* _Given data_:
= = =

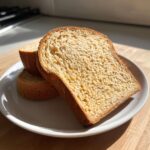 Close-up of three slices of soft, golden brown whole wheat bread stacked on a white plate.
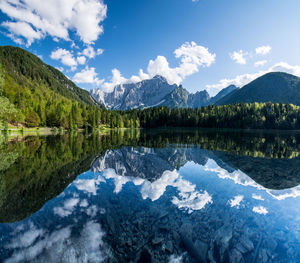 Reflection of cloudy sky with mountains and trees in lake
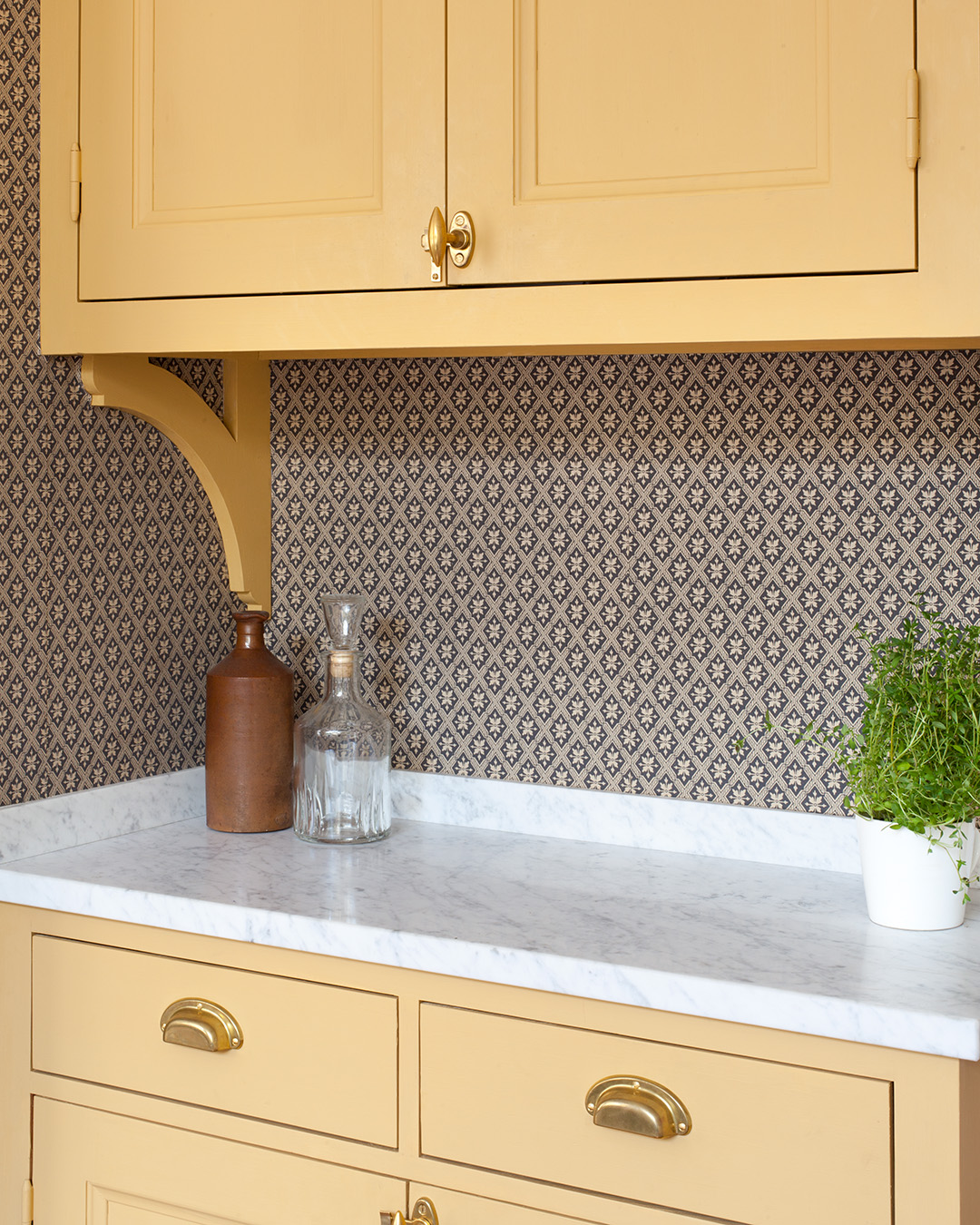 Beslag i obehandlad m&auml;ssing p&aring; sk&aring;p och l&aring;dor i ett k&ouml;k m&aring;lat med linoljef&auml;rg i kul&ouml;ren Varmgul.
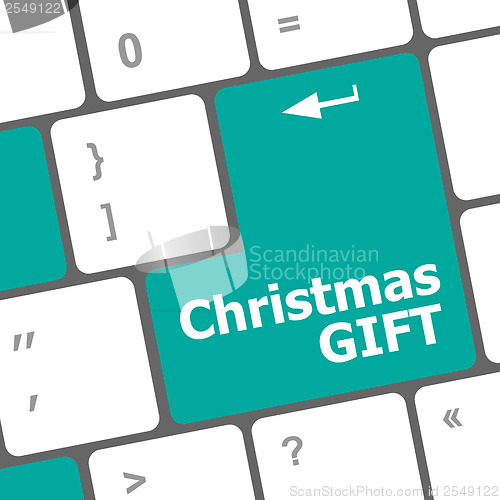 Image of Computer keyboard key with christmas gift words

= = =

* _Problem_: Omit the pictures and write out the remaining data exactly.

* _Completed task_:
 Close-up of three slices of soft, golden brown whole wheat bread stacked on a white plate.
 Reflection of cloudy sky with mountains and trees in lake
 Beslag i obehandlad m&auml;ssing p&aring; sk&aring;p och l&aring;dor i ett k&ouml;k m&aring;lat med linoljef&auml;rg i kul&ouml;ren Varmgul.
 Image of Computer keyboard key with christmas gift words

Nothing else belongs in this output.